Moving Mountains: The Centenary of Armenian Cinema
Screening Dates
  • June 17, 2023 6:30
  • June 19, 2023 8:40
  • June 22, 2023 6:30

An extraordinary film … Parajanov’s compositions are astonishing, and no one has ever made the olive-and-orange tones of Soviet colour stock look better … Sublime and heart-breaking.”

J. Hoberman, Village Voice

While the Tbilisi-born, Kyiv-based Sergei Parajanov only made one feature and one short film in Armenia, his seminal masterpiece The Colour of Pomegranates has come to inextricably define international perceptions of Armenian national” cinema. Commissioned by the state studio, Hayfilm, to make a biopic of the great 18th-century Armenian ashugh (troubadour) Sayat Nova, Parajanov turned the task on its head, reinventing the genre as a psychological dreamscape rendered through a surreal inversion of medieval Armenian art, architecture, and music. This non-linear and purely associative approach was an extreme example of 1960s Soviet poetic cinema.” Combined with the heavy emphasis on traditional religious iconography and erotic symbolism, the director’s creative anarchism led to accusations of homosexuality and nationalist propaganda, resulting in the film’s recutting and Parajanov’s subsequent imprisonment. Despite this, The Colour of Pomegranates began to circulate on the international festival scene, inspiring major filmmakers like Federico Fellini, Mohsen Makhmalbaf, and, most recently, Ari Aster.

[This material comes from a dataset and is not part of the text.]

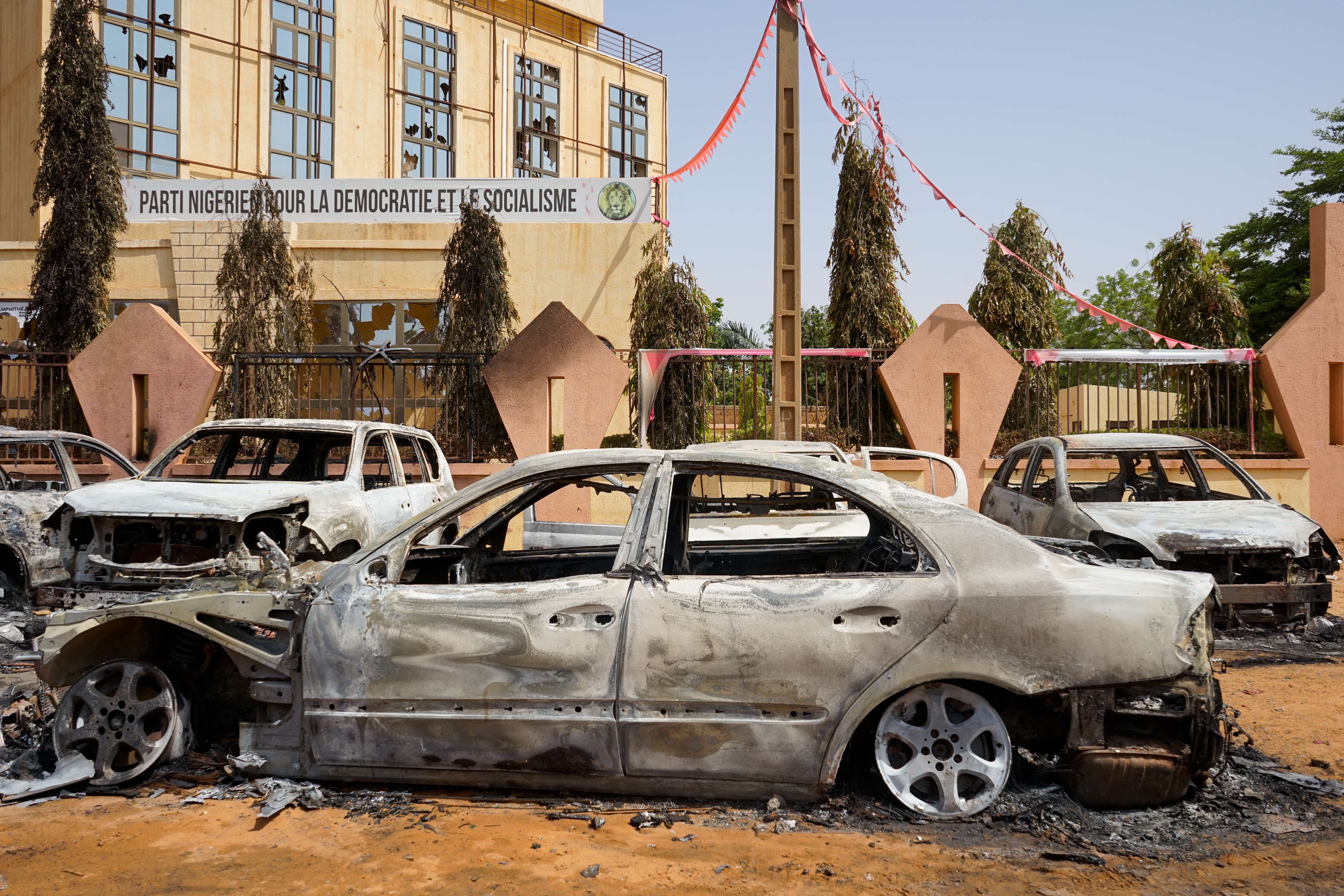 Niger ruling party headquarters in Niamey torched by coup supporters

In Armenian with English subtitles

The striking use of tableau frames recalls the shallow space of movies made roughly a century ago, while the gorgeous uses of colour and the wild poetic conceits seem to derive from some utopian cinema of the future, at once difficult’ and immediate, cryptic and ravishing. This is essential viewing.” Jonathan Rosenbaum, Chicago Reader

preceded by (June 17 only)

Autumn Sun
Աշնան արև
Armenia 2006
Diana Kardumyan
8 min. DCP

A ballerina, returning home from her dance academy, feels that a young man is following her through the hot summer streets of Yerevan. Or perhaps this is just her imagination? Based on a short story by Tonino Guerra, Diana Kardumyan’s second short film is a poetic ode to lost youth and the ambiguous nature of desire. Kardumyan became one of the first women filmmakers to stand at the forefront of Armenian cinema’s slow recovery in the 2000s, after years of stagnation. Her impressionistic aesthetic exemplified a sensual and fluid sensibility that brought an entirely new perspective to local filmmaking trajectories, in which women directors had only a fractional presence previously.